▶ _WORK INSTRUCTIONS_
Every record should be copied exactly, and the images omitted.

───── PROVIDED DATA

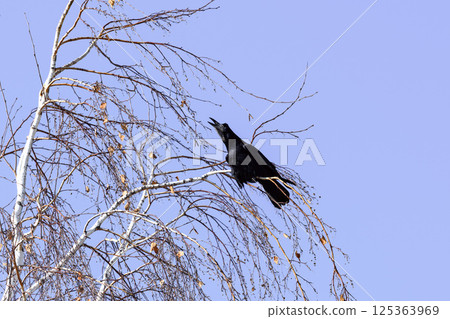 _ALX1915.NEF _ALX1915.NEF 125363969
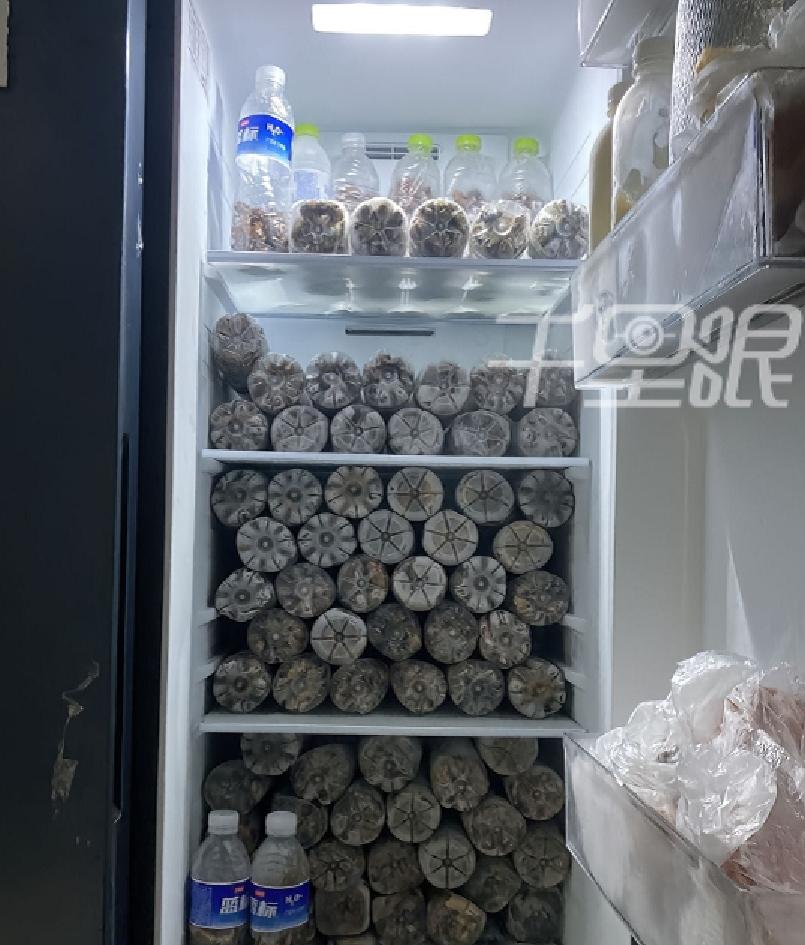 山东又出了个狠人！山东潍坊，一男子用近40天的时间，抓了6740只知了猴，把整个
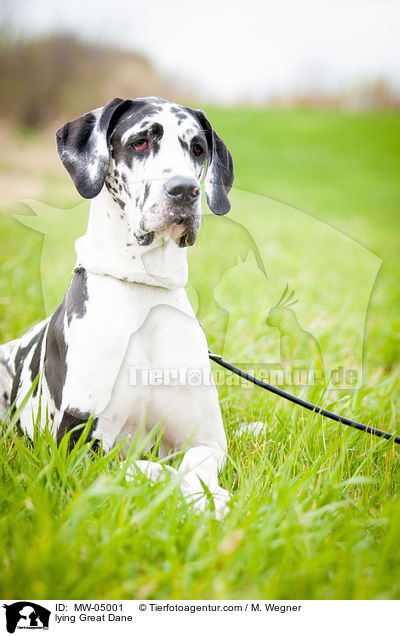liegende Deutsche Dogge / lying Great Dane / MW-05001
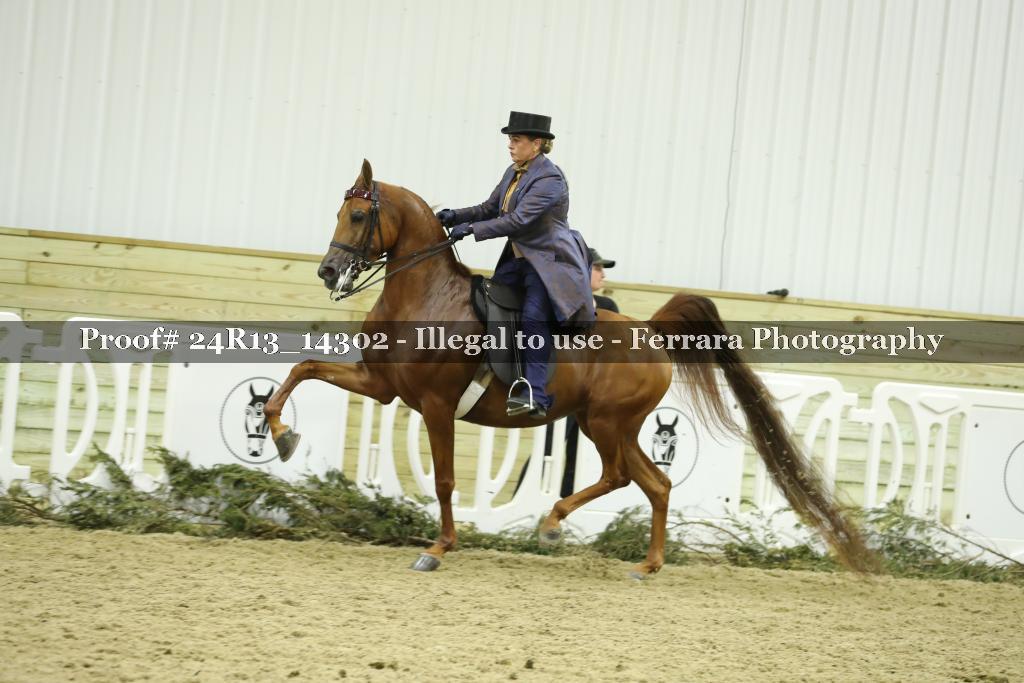 Proof 24R13_14302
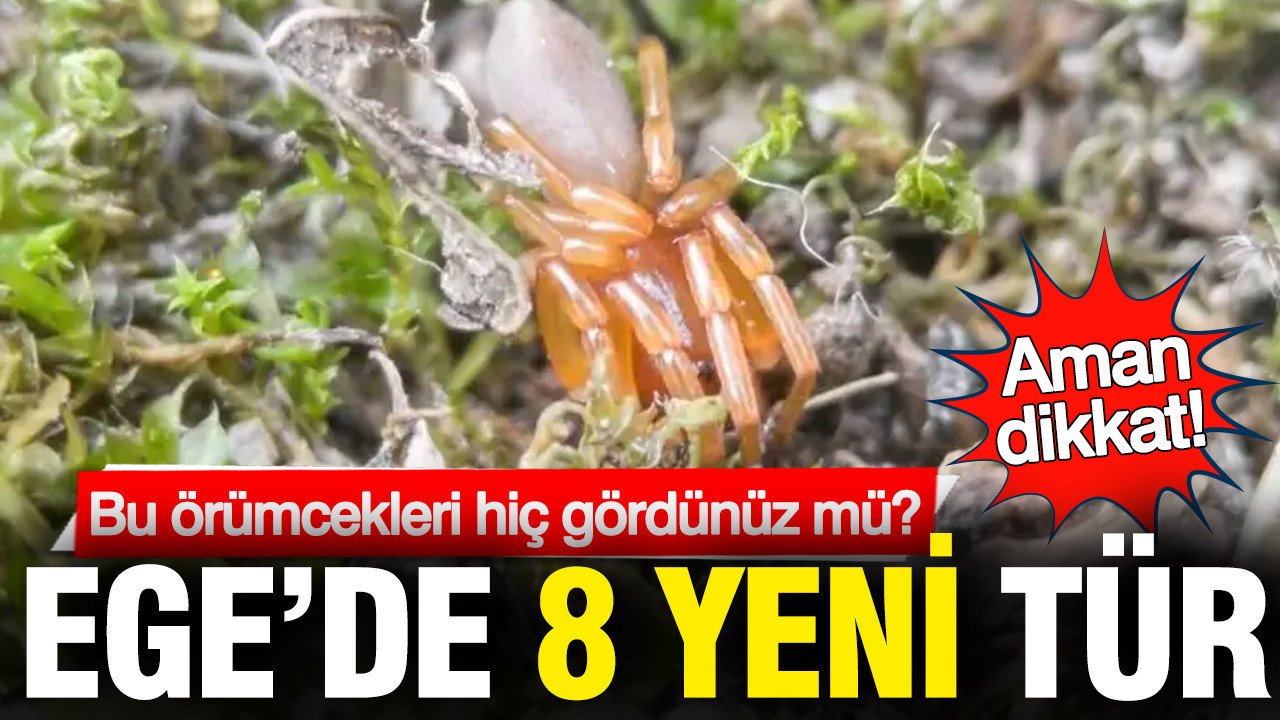 egede-8-yeni-orumcek-turu-dFJYaYvF.jpg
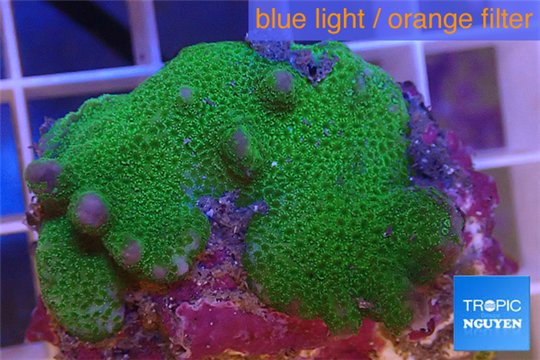 Montipora digitatta green 3-4 cm WYSIWYG acclimaté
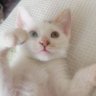 ceren akca_35 profil fotoğrafı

──────────

▶ _RESULT OF THE EXERCISE_
 _ALX1915.NEF _ALX1915.NEF 125363969
 山东又出了个狠人！山东潍坊，一男子用近40天的时间，抓了6740只知了猴，把整个
liegende Deutsche Dogge / lying Great Dane / MW-05001
 Proof 24R13_14302
 egede-8-yeni-orumcek-turu-dFJYaYvF.jpg
 Montipora digitatta green 3-4 cm WYSIWYG acclimaté
 ceren akca_35 profil fotoğrafı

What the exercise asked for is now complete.